Hop! Jump! Hop! Jump! Frogs jump from leaf to leaf. They try as fast as possible to move to the home leaves of their opponents. After each frog jump the bridge which connects the two leaves disappears.
This makes jumps for other frogs harder. The player who moves all his frogs onto the home leaves of the other players wins.
- Double sided board
- 50 bridges
- 12 plastic frogs (3 apiece in 4 colors)
- 4 starting home leaves
- 16 special action cards
Object of the Game
Players try to move their frogs from their own home leaf to the home leaves of the other players.
If there are four players, then players try to get one of their frogs to the home of each opponent.
If there are three players, one frog should move to one opponent's home, and two frogs should move to the other opponent's home. With two players, all three frogs should move to the one opponent's home.
Arrange the board elements as shown below.
Beginning setup if there are two players.
Beginning setup if there are three players.
Beginning setup if there are four players.
Place bridges so that all adjacent leaves are connected.
The youngest player begins, and then play proceeds clockwise.
During their turn, a player can do one of the following 2 actions:
- move a frog from one leaf to another
- place a bridge
A frog can jump from one leaf to another if there is a bridge connecting them. After the jump, the bridge is removed.
Exception: The bridges which connect players' homes to their dosest leaf are not removed.
Legal jump: there is a bridge connecting the leaves.
After the jump, we remove the bridge.
Illegal jump: there is no bridge connecting the leaves.
If a frog jumps onto a leaf which already has another frog (belonging to any player), then that frog must also jump to another adjacent leaf connected by a bridge.
After each jump, remove the bridge that connected the leaves. If on that following leaf there is also a frog, then it must be moved to yet another leaf. The first jump can trigger a chain of jumps.
The player whose turn it is decides where each relocated frog will move. If it is not possible to relocate some frog in the chain because of a lack of bridges, then the original jump is illegal.
A series of jumps is shown below.
The player makes a jump with the red frog from his home to the adjacent leaf.
After this jump, there are two red frogs on the leaf.
The frog that was already there must jump away to an adjacent leaf.
The red frog jumps left to the leaf with a blue frog. I've removed the bridge it used. The blue frog must jump to one of three leaves:
- up to the leaf with a green frog
- left to the empty leaf
- down to the leaf with a pink frog But jumping up is illegal, as shown in the following figure.
After a jump up, tri ere would be two frogs, but no way for the green frog to jump off that leaf.
Such a move is illegal.
The player decides to jump down with the blue frog, onto the leaf with the pink frog.
After the jump, the bridge is removed.
The last move of this chain of jumps:
The player moves the pink frog to the right.
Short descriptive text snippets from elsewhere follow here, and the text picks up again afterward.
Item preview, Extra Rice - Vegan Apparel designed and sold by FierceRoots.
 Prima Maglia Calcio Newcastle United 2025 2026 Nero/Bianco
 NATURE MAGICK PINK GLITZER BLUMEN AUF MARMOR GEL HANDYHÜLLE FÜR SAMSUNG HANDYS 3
If a frog enters an opponent's home leaf, then it stays there. It can not move out, nor does it push away other frogs that were already there.
Placing a Bridge
Instead of jumping, a player can put a bridge between two adjacent leaves that are not currently connected by a bridge. There can be only 1 bridge between 2 leaves.
Special Action Cards
Each of the players has 4 special action cards. They can be used at any moment in the owner's turn, at most one card per turn.
Each card can be used only once during the game. After using a card, the card's owner puts it aside or turns it over to show it has been used.
At the beginning of the game each player has 4 cards. Each set is marked in the corner with a crown in a colored circle.
The circles have the same color as the player's frogs.
The player can make a frog jump twice. Both jumps must be made by the same frog.
The first jump must be to an empty leaf, but the second jump can be to an occupied leaf, where pushing would occur as usual.
Instead of a normal jump (with a bridge), the player can move frog to an adjacent leaf which is not connected by a bridge. The leaf may be occupied, causing pushing as usual.
Instead of placing just one bridge as an action, the player can place two bridges anywhere on the board (connecting 2 different pairs of adjacent unconnected leaves).
After his regular action (moving a frog or placing a bridge), the player can also remove a bridge from anywhere on the board
End of the Game
The first player to get all 3 of their frogs onto their opponents' horn leaves wins.
The following pictures show the final winning positions in games with 2, 3, and 4 players.
The pink player has moved the three pink frogs to the opponent's home and wins. The blue player is behind by one move.
The blue player has moved two blue frogs to the home of the opponent on the right side and one blue frog to the opponent on the top.
The blue player has moved the three blue frogs to each of the three opponents' homes.